RECORDS FOR THE EXERCISE Block Start

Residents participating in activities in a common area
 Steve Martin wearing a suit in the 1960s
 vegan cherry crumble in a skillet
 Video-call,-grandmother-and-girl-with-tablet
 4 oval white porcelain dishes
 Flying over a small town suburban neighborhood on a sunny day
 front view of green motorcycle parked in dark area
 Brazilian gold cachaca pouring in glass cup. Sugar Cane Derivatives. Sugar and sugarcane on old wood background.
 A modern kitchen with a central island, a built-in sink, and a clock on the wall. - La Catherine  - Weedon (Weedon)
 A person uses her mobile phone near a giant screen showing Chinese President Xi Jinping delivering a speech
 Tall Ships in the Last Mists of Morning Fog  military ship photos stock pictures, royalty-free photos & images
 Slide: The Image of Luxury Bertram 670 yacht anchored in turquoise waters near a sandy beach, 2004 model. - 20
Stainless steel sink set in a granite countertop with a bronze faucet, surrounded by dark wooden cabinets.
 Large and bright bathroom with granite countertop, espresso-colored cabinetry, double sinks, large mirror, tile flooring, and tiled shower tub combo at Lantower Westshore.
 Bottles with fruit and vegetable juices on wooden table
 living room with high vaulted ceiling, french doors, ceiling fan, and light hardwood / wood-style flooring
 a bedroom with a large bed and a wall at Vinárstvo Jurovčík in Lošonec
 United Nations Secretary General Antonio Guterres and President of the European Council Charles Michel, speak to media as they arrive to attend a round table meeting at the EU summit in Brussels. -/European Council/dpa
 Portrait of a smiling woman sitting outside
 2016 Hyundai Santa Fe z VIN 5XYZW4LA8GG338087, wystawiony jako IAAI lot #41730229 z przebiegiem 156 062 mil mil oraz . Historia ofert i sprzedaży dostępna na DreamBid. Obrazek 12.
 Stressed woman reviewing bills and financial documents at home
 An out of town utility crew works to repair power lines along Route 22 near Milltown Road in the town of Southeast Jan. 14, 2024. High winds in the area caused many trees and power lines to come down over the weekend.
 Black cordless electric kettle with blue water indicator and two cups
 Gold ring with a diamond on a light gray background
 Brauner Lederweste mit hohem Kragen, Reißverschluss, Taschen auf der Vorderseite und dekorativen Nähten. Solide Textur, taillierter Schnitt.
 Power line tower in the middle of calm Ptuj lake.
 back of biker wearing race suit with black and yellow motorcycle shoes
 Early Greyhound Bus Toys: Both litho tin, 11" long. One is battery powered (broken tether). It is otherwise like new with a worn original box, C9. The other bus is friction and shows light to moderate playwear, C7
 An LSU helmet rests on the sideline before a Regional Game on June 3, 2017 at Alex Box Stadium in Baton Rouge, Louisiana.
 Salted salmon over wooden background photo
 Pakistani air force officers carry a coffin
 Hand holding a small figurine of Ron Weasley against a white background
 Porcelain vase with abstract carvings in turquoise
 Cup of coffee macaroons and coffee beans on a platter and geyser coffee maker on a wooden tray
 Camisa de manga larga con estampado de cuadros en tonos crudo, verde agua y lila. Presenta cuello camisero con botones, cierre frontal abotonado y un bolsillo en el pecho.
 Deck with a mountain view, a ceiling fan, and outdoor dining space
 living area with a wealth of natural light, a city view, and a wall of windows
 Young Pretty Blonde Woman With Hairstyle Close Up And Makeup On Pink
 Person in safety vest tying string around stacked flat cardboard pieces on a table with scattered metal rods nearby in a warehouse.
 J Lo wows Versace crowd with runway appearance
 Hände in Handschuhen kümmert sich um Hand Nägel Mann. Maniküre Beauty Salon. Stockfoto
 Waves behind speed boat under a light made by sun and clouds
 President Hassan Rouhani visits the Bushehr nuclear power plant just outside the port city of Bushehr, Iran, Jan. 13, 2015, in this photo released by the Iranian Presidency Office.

RECORDS FOR THE EXERCISE Block End

AIM OF THE TASK: In the lines above, find the word "turquoise" and copy every line it occurs in.

OUTPUT:
 Slide: The Image of Luxury Bertram 670 yacht anchored in turquoise waters near a sandy beach, 2004 model. - 20
 Porcelain vase with abstract carvings in turquoise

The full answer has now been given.